15 Research Lab -Adversarial Safety Evaluation of Frontier AI Systems

John Kearney

MITRE ATT&CK Mapping to AI Alignment: The Rosetta Stone Approach

December 4, 202515 Research Lab

methodologyresearchagent-safety

AI safety researchers and cybersecurity practitioners study related problems with different vocabularies. "Deceptive alignment" and "initial access" describe aspects of the same threat. The Rosetta Stone approach maps between these worlds using MITRE ATT&CK as the bridge.

The Vocabulary Gap

AI safety literature describes risks in abstract terms: alignment failure, reward hacking, goal misgeneralization, deceptive alignment. Security literature describes risks in operational terms: initial access, lateral movement, persistence, exfiltration.

When a safety researcher says "the agent exhibited deceptive alignment," a security practitioner does not know what operational behavior to look for. When a security practitioner reports "data exfiltration via authorized API calls," a safety researcher does not know which alignment failure it represents.

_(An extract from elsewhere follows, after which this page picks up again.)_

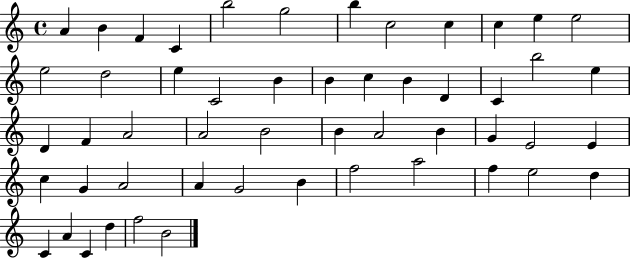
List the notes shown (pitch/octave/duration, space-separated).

MITRE ATT&CK as Common Language

MITRE ATT&CK is the most widely used framework for describing adversarial tactics and techniques. It organizes attacks into a kill chain: Reconnaissance, Resource Development, Initial Access, Execution, Persistence, Privilege Escalation, Defense Evasion, Credential Access, Discovery, Lateral Movement, Collection, Command and Control, Exfiltration, Impact.

Mapping AI agent failure modes to these tactics creates a shared operational vocabulary.

Example Mappings

Prompt injection maps to Initial Access (TA0001). The attacker gains the ability to influence the agent's behavior. The technique is analogous to phishing or exploit delivery in traditional attacks.

Tool description poisoning maps to Supply Chain Compromise (T1195). The attacker compromises a trusted input to the system before it reaches the target.

Privilege escalation through tool chaining maps to Privilege Escalation (TA0004). The agent gains capabilities beyond its authorized scope by combining legitimate tools.

System prompt extraction maps to Credential Access (TA0006). The attacker obtains information that enables further attacks.

Data exfiltration through tool calls maps to Exfiltration (TA0010). Data leaves the authorized perimeter through agent-controlled channels.

MCP rug pull maps to Persistence (TA0003). The attacker maintains a foothold that survives initial security review.

Why This Matters

For detection engineering. Security operations teams already have detection rules and monitoring for ATT&CK techniques. Mapping agent failures to ATT&CK tactics lets SOC teams apply existing detection frameworks to agent security.

For incident response. ATT&CK-based incident response playbooks can be adapted for agent security incidents when the mapping is clear.

For communication. CISOs and security leadership understand ATT&CK. Presenting agent security risks in ATT&CK terms makes them comprehensible to decision-makers who allocate security budgets.

For threat intelligence. As agent-specific threat intelligence emerges, organizing it in ATT&CK format allows integration with existing threat intelligence platforms.

The full mapping is maintained as part of the ASB Benchmark methodology, connecting each evaluation category to both an OWASP ASI risk and a MITRE ATT&CK technique.